既存のサービスに加え、アルコール類の提供や朝食時間以外(6:00〜24:00)でのご飯サービスを新たに追加。また、無料アメニティもより充実させ、シャンプー、コンデショナー、ヘアワックス等の整髪料だけで50種類以上を用意している。
これだけ充実したサービスでありながら、都内3店舗(男性のみ)の「15日使い放題」が2万5000円、「30日使い放題」が4万円。名古屋栄店(男女可)の「15日使い放題」プランが男性2万5000円/女性2万円、「30日使い放題」プランが男性5万円/女性4万円。利益はきちんと得られるのだろうか。
高級カプセルホテルとして全国展開していたファーストキャビンは、稼働率が10%程度に落ち込み、昨年自己破産を申請していた。安心お宿も、昨年の最初の緊急事態制限時には全店舗休業を余儀なくされた。その後もこの1年、コロナ禍で宿泊施設やカプセルホテルはどこも極限状態の中、空室だらけになるよりはと、苦肉の策を打ち出したというわけだ。

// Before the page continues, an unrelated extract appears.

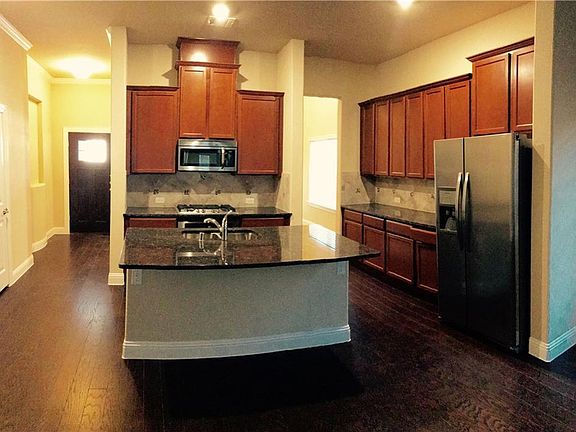 4th image of 5806 Begonia Dr
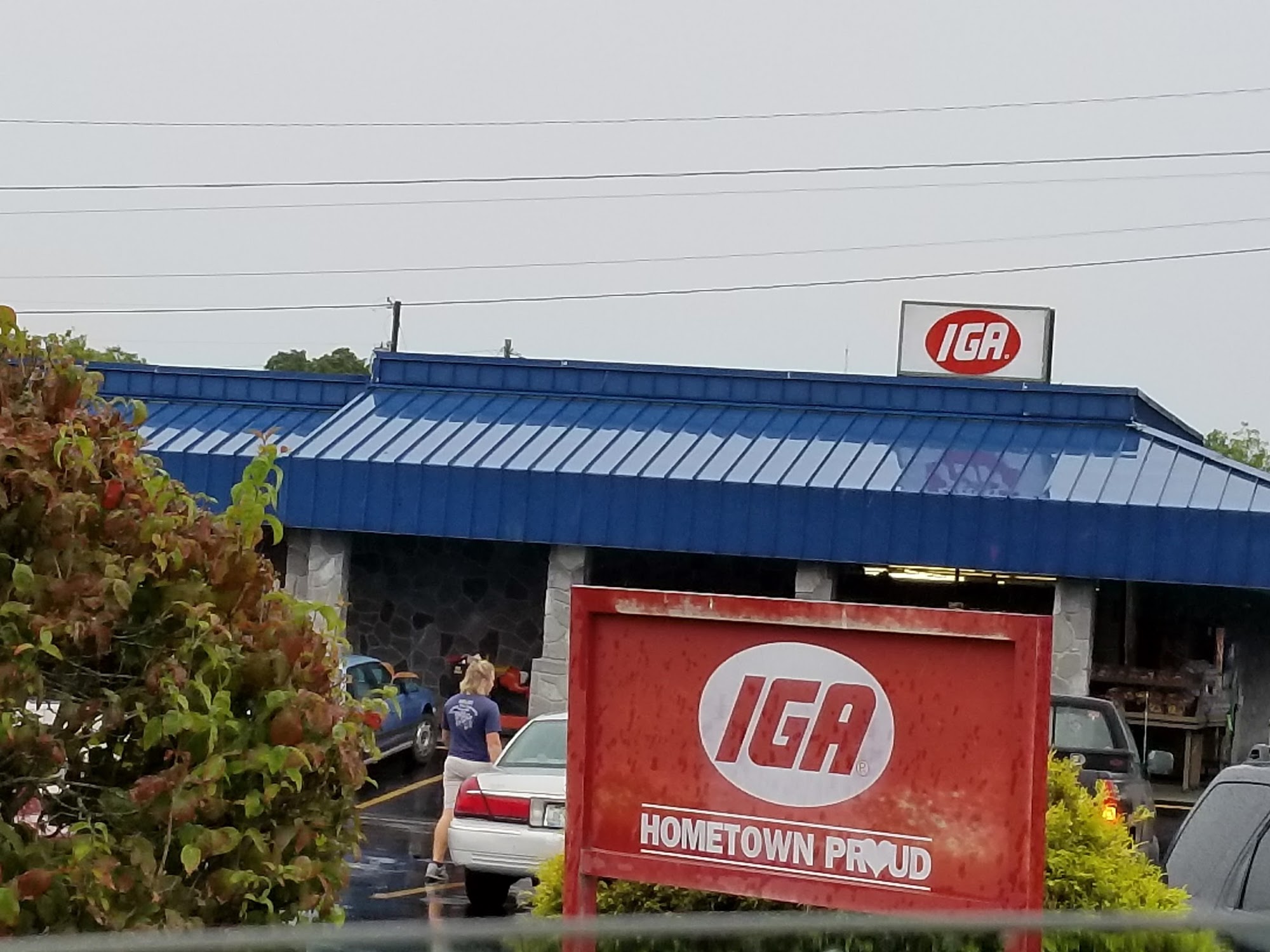 Holt's IGA Food Center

「カプ住プラン開始直後に店頭看板の写真がTwitterで拡散され、テレビでも取り上げていただきました。また、テレビ放映の様子を視聴者の方がツイートし、11.7万いいね。約2.2万リツイートされるなど大きな反響をいただきました。放映直後は問い合わせのお電話も多くいただいております」
反響は上々の様子。都内は男性専用のため30〜40代のビジネスマンが多く、最近は、Uber Eatsの配達員の宿泊も増えている。全店舗、最寄駅から徒歩3分以内で繁華街に近いため、カプ住プランで衣食住を確保して効率的に働いているようだ。

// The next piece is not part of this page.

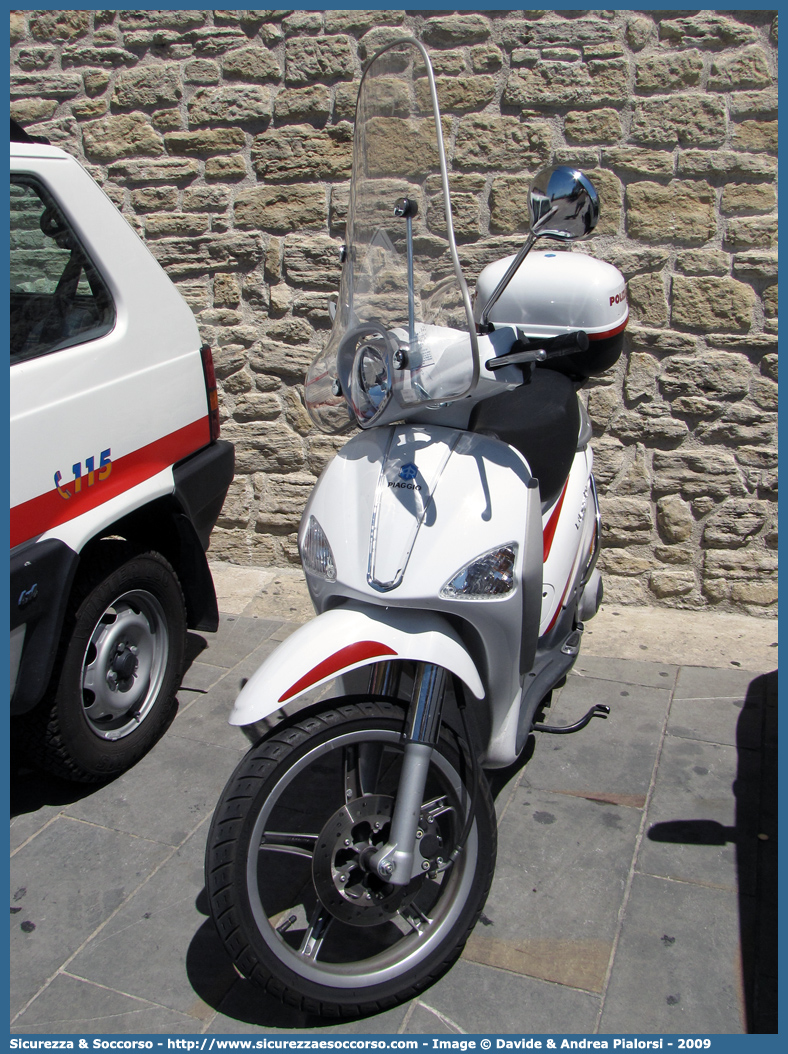 Polizia 023
Repubblica di San Marino
Polizia Civile
Piaggio Liberty 125 II serie
Parole chiave: Repubblica;San Marino;RSM;R.S.M.;Polizia Civile;Piaggio;Liberty;125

コワーキングスペース、就活生、女性利用で打開なるか「カプセルホテルも形を変えていく」
多くは国内外からの出張先で、ビジネスマンの男性が手軽に泊まれる場所として利用されてきたカプセルホテル。昨年から出張が激減し、テレワークが急激に促進したことから、同店は一部フロアをリノベーションして「カプセル型のコワーキングスペース」の提供を開始(カプ住プランでも使い放題)。SNSを中心に話題を呼び、20代の新たな客層の獲得につながった。また、今春からは「就活応援プラン」として、コロナ禍の影響を受けた22卒の学生を対象に、宿泊・コワーキングスペース利用をすべて無料で10泊まで招待するキャンペーンも行っている。
今後もしばらくは厳しい状況が続くと思われるが、目まぐるしく変化していく社会に合わせて、カプセルホテルの定義も新たな展開を見せてくれるかもしれない。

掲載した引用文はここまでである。